As part of of the Mining Impact project scientists are researching the effects and risks of underwater mining, especially the promotion of Manganese nodules. The project, which started in August 2018 and runs until February 2022, includes the Max Planck Institute for Marine Microbiology in Bremen, the Alfred Wegener Institute in Bremerhaven and the Geomar Helmholtz Center for Ocean Research in Kiel involved.

Researchers simulated degradation in the Pacific

The researchers have the ocean floor in the Discol area in the Pacific investigated, about 3,000 kilometers off the coast of Peru. There, in 1989, German scientists simulated the collection of manganese nodules from the sea floor by plowing the sea floor over an area of ‚Äč‚Äčabout three square kilometers with a harrow.

There are hardly any currents at a depth of 4,000 meters, which is why the traces of the experiment are still visible. "Even 26 years after this disruption, we could clearly see the plow marks on the sea floor", said Tobias Vonnahm from the Max Planck Institute for Marine Microbiology. Even small traces were still visible.

After 26 years, the traces of the harrow are still visible on the sea floor. (Image: ROV team / Geomar)

The changes on the seabed also have an impact on marine life: "The bacterial residents were significantly affected"said Vonnahme.

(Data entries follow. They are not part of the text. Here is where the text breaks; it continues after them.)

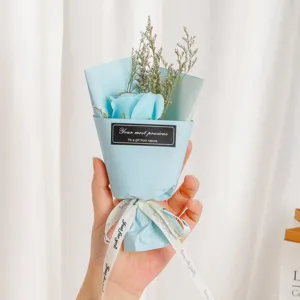 Detailed shot of mini blue soap rose bouquet with dried grass, elegant gift packaging design.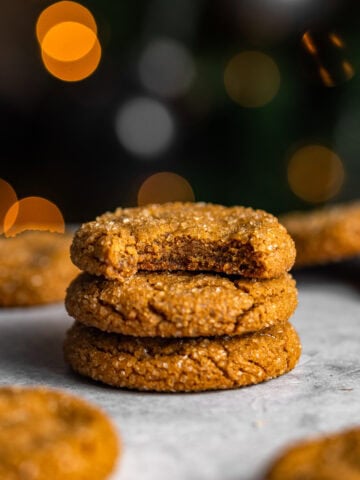 gingerbread molasses cookies stacked on top of each other with a bite missing out of one.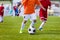 Children playing soccer football match. Running players and kick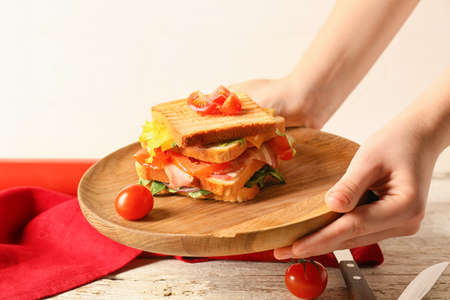 Woman holding plate with tasty sandwich, closeup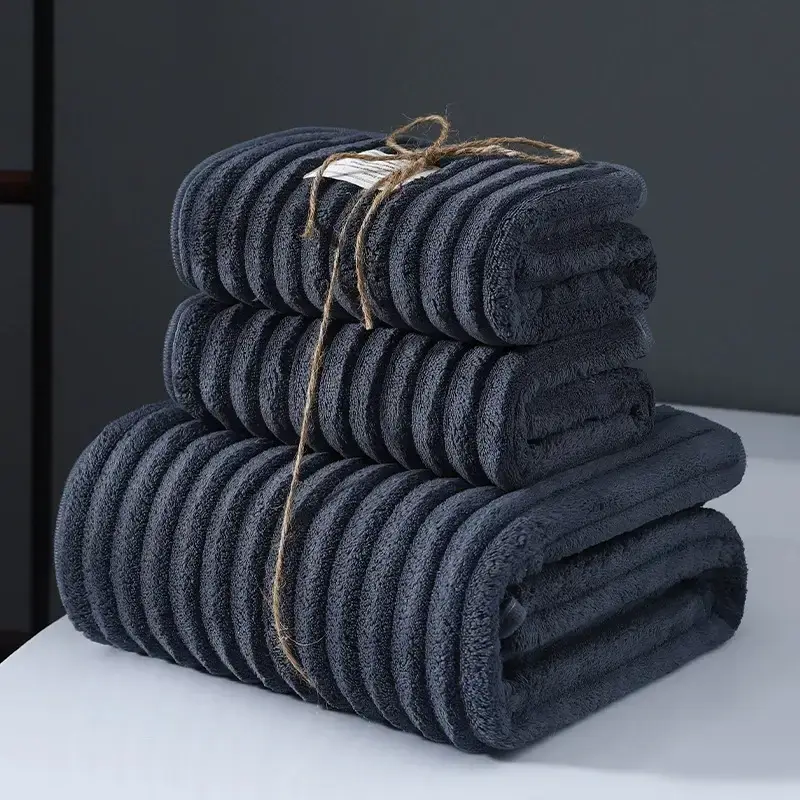 Ultra-Soft Coral Fleece Towels for Quick Absorption & Comfort 4 Three Neatly Stacked Dark Gray Towels Tied With Twine On A Flat Surface.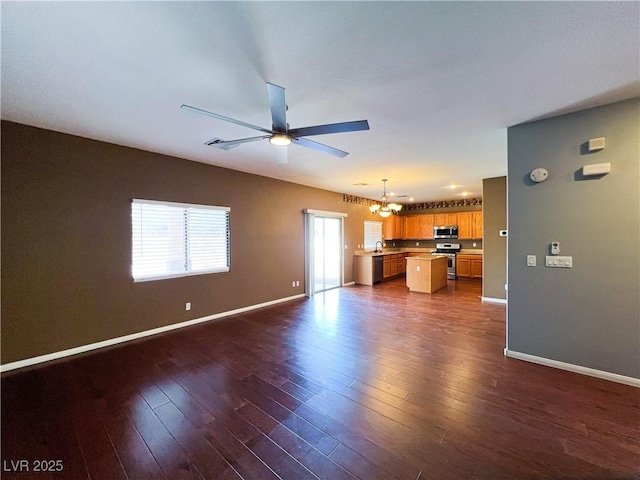 3412 Catherine Mermet Ave, North Las Vegas, NV 89081 - unfurnished living room with a chandelier, ceiling fan, baseboards, and dark wood finished floors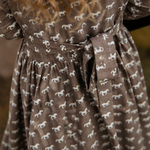 Miley horse print chocolate dress flatlay showing full chocolate horse print dress design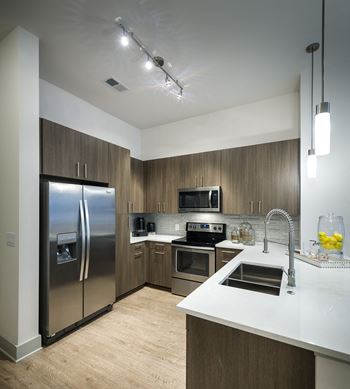 Gourmet chef kitchen with stainless steel appliances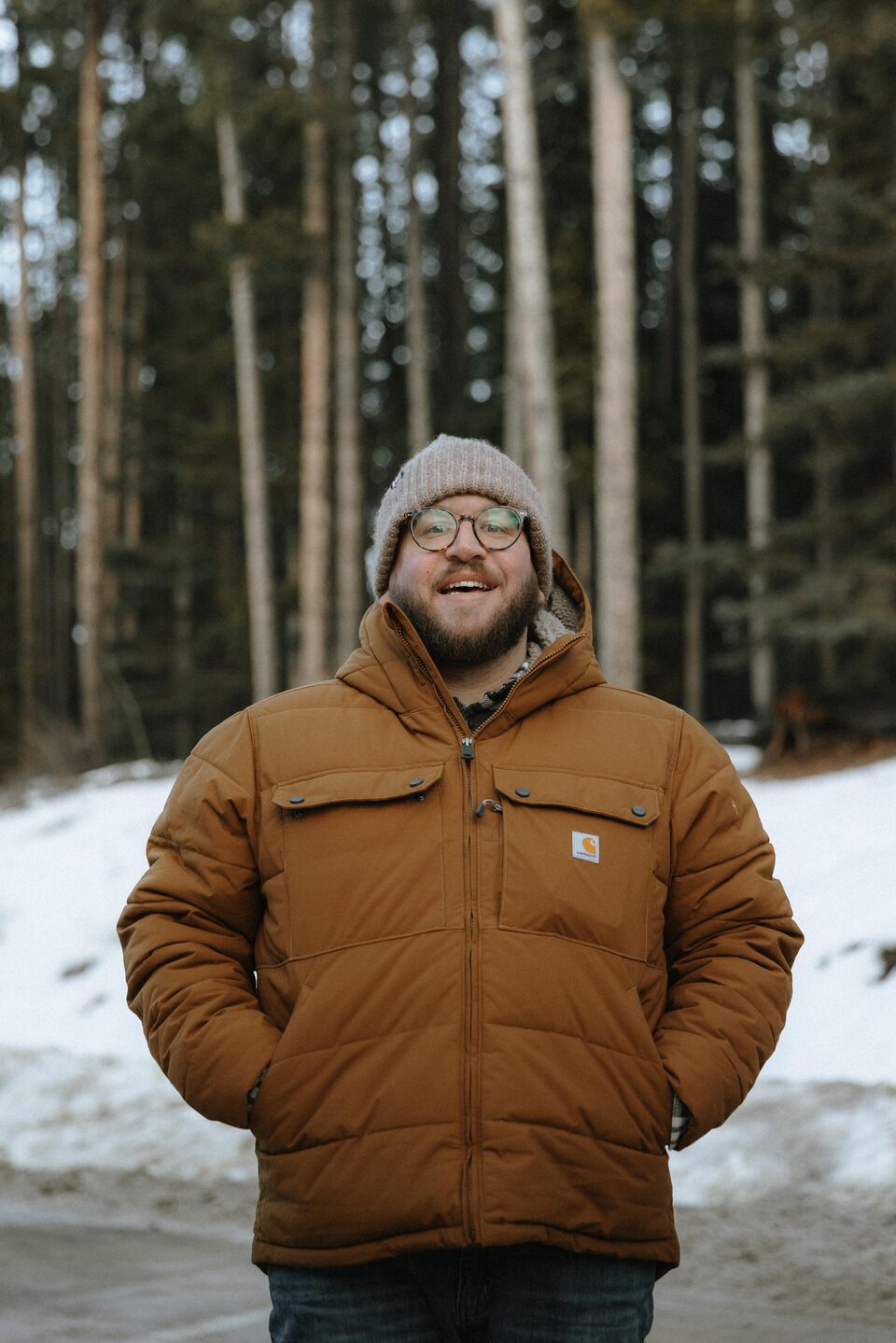 Dustin Stephens standing in a snowy pine forest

About a third fewer bacteria lived in the old traces than in untouched seabed, in fresh plow traces it was even half less. The researchers found that the microbial processes were reduced by three quarters.

After all, the biogeochemical conditions have also changed sustainably, said project manager Antje Boetius. The main reason for this could be that the top, active sediment layer is destroyed or whirled up and carried away by the plow. The organic material that settles can only be used to a limited extent by the microorganisms and lose one of its key functions for the ecosystem. Accordingly, the microbes could act as indicators of damage to deep-sea ecosystems due to tuber degradation.

The raw materials lie on the ocean floor

The tubers, the size of potatoes to heads of lettuce, lie on the seabed. They mainly consist of iron and manganese, but also contain valuable metals such as cobalt, copper, nickel or titanium and to a very small extent rare earth metals, platinum metals or tungsten. These raw materials are important for the electronics industry, among others.

According to the researchers, all mining techniques that are currently being developed are disrupting the ocean floor to a depth of ten centimeters – as in the test in the Pacific. However, commercial mining would mean a disruption on a completely different scale: several hundred to several thousand square kilometers of seabed would be worked on each year.

Microbes need 50 years to recover

The resulting damage could have a lasting impact on the ecosystem: "Our calculations have shown that the microbes can only return to their normal function after 50 years at the earliest"said Vonnahme. The researchers present their results in an article in the journal Science Advances in front.

In addition to the manganese nodules, two other undersea raw material sources are being examined: over time, metals from the seawater are deposited on the slopes of mountains on the seabed. Form this cobalt-rich cruststo be scraped off. The third resource are Solid sulfides, metal-containing sulfur compounds, for example copper, zinc, gold, silver, indium, germanium, bismuth or selenium, which on undersea hydrothermal vents Black smokers, arise.